All compilers should have XML back-ends. Too bad that doesn't help since you'd be diffing XML rather than source code. So then we just simply need to use some XSLT to fix it up to look like source code! Voila! (I kid.)

Why not...

After all, if it's good enough for gcc... :-)

Seriously though, the XML diff reference was meant as an example of tools working on an AST (the W3C's DOM in that case) in the hope that there might be some useful ideas to take from it - not as a suggestion that XML would be better than ASCII for diffing.

Agreed

Discussion forums are hard - I wasn't and didn't mean to sound like I was dogging anything about the XML diff (and I have had need for good XML diffs quite often). And, I could sorta like the idea of having XML as some core representation with conversion to-and-from the relevant language ASTs, although not because I think XML is anything other than a standard format; no super powers or silver bullet-ness.

How much knowledge of a

How much knowledge of a language is necessary in order to get a less cumbersome diff?
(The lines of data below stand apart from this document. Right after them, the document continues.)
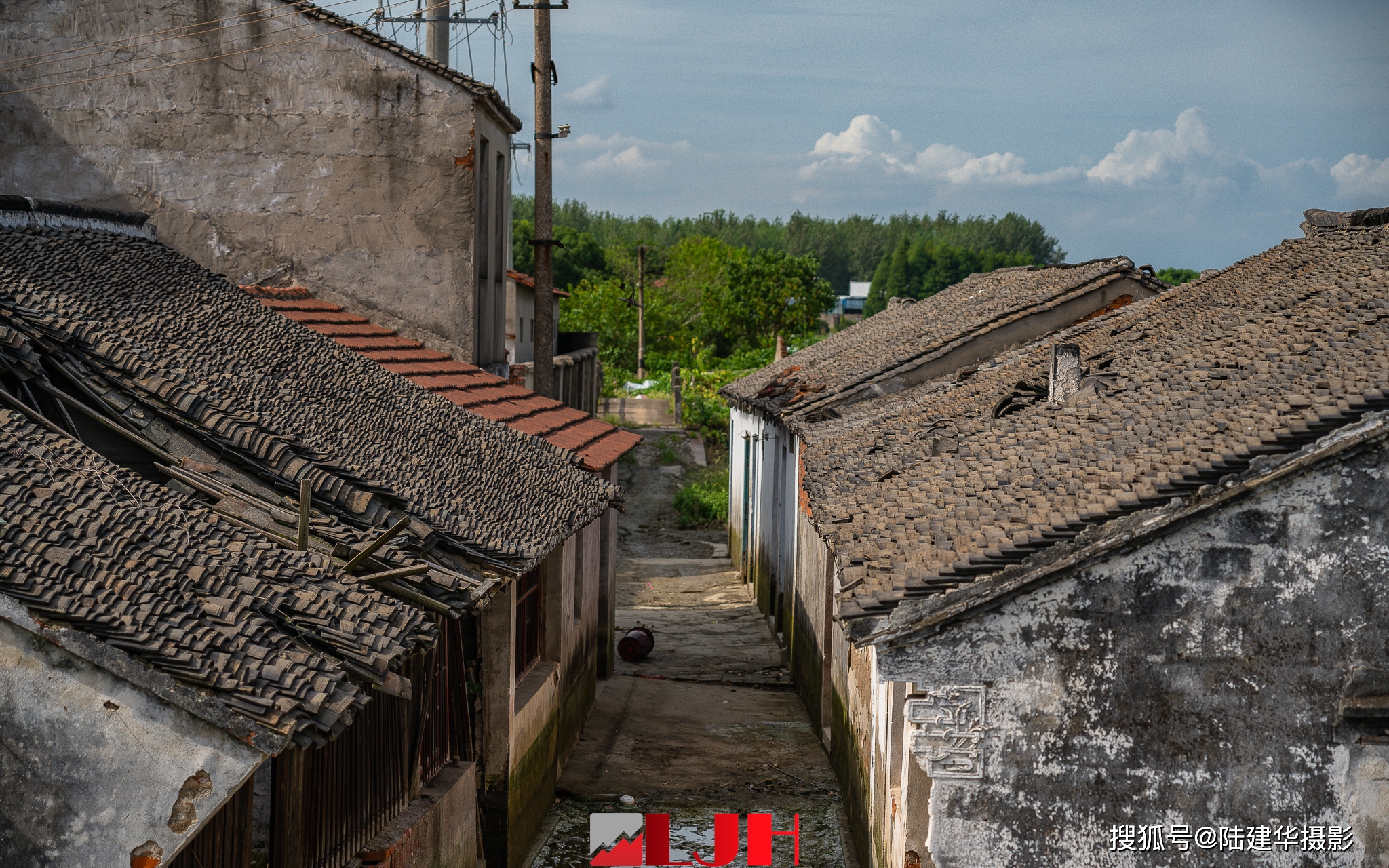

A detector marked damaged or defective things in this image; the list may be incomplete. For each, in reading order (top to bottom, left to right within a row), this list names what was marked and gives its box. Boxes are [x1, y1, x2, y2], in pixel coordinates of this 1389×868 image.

cracked plaster wall [0, 1, 500, 358]
cracked plaster wall [878, 439, 1389, 866]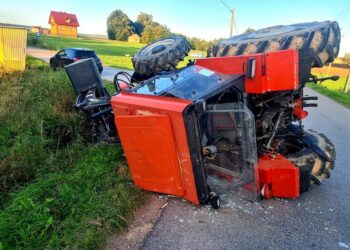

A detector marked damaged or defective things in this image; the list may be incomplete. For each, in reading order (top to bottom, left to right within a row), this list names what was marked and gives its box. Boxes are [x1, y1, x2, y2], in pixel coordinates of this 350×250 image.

broken side panel [200, 102, 260, 202]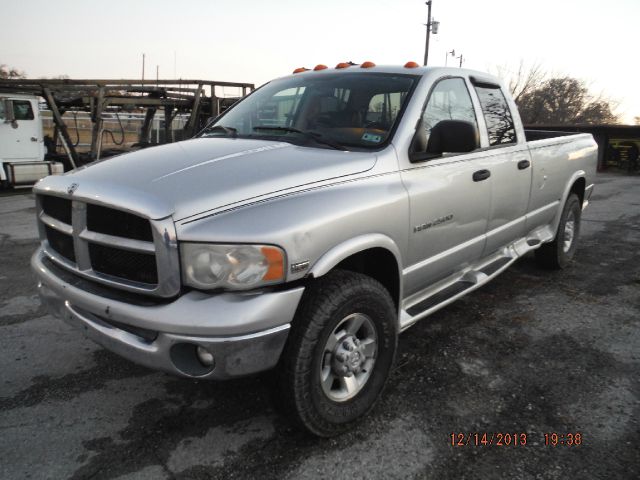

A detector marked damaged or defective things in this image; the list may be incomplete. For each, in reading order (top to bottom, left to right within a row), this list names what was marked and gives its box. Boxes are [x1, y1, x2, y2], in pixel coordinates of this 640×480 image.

For dealing with languages like Java/C/C++ etc, what if you teach diff what a block is and then it can treat the contents of the blocks relatively normal (as ascii text). It's not perfect but would that bare minimum amount of knowledge be useful.

Lost information

Once you're diffing two files, you have already lost information. A simple approach might be for the editor to persistently remember every editing action (inserted and deleted characters, cut, paste, etc.) on all undo/redo paths. It's still a challenge to generate a meaningful diff from this information - you might be able to track movement of text with cut and paste, or points where you deleted/created lines.